--- Excerpted records ---

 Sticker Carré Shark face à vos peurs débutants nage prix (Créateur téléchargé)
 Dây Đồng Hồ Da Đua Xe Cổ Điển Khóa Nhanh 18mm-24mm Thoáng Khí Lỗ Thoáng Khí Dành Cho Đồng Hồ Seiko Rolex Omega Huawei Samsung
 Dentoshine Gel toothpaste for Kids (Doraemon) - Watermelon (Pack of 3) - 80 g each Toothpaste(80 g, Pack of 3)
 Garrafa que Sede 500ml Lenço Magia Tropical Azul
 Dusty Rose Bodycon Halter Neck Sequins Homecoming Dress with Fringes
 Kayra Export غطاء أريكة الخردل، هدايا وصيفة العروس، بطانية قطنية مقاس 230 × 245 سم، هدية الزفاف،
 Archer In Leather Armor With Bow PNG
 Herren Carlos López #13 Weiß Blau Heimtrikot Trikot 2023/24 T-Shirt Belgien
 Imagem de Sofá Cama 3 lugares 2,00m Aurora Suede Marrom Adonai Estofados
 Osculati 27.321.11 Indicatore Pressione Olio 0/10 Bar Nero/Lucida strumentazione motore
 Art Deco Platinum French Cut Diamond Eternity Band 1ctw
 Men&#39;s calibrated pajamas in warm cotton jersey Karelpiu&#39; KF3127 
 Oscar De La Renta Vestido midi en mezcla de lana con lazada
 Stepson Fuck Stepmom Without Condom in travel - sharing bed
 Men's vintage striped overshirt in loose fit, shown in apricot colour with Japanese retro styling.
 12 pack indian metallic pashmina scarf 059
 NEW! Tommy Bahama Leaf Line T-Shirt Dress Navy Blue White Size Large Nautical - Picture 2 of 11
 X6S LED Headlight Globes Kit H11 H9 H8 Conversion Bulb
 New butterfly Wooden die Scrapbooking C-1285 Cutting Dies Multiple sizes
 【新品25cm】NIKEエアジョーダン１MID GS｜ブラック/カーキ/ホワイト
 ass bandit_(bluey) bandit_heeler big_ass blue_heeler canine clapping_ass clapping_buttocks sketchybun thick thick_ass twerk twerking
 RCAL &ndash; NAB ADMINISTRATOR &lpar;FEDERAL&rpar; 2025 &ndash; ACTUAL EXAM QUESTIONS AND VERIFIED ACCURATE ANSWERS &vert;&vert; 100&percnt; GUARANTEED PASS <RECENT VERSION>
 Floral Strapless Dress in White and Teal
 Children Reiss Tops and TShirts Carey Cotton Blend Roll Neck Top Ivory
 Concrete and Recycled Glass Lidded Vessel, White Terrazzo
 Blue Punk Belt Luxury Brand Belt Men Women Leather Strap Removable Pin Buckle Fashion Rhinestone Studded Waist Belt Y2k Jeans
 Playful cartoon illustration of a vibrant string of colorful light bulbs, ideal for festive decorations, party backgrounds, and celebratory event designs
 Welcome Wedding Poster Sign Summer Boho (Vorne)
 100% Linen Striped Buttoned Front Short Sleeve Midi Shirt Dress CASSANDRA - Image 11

---

What you are asked to do:
The answer must consist solely of the lines from the first line of the data to the line holding "Osculati 27.321.11 Indicatore", each given again exactly.

Result of this task:
 Sticker Carré Shark face à vos peurs débutants nage prix (Créateur téléchargé)
 Dây Đồng Hồ Da Đua Xe Cổ Điển Khóa Nhanh 18mm-24mm Thoáng Khí Lỗ Thoáng Khí Dành Cho Đồng Hồ Seiko Rolex Omega Huawei Samsung
 Dentoshine Gel toothpaste for Kids (Doraemon) - Watermelon (Pack of 3) - 80 g each Toothpaste(80 g, Pack of 3)
 Garrafa que Sede 500ml Lenço Magia Tropical Azul
 Dusty Rose Bodycon Halter Neck Sequins Homecoming Dress with Fringes
 Kayra Export غطاء أريكة الخردل، هدايا وصيفة العروس، بطانية قطنية مقاس 230 × 245 سم، هدية الزفاف،
 Archer In Leather Armor With Bow PNG
 Herren Carlos López #13 Weiß Blau Heimtrikot Trikot 2023/24 T-Shirt Belgien
 Imagem de Sofá Cama 3 lugares 2,00m Aurora Suede Marrom Adonai Estofados
 Osculati 27.321.11 Indicatore Pressione Olio 0/10 Bar Nero/Lucida strumentazione motore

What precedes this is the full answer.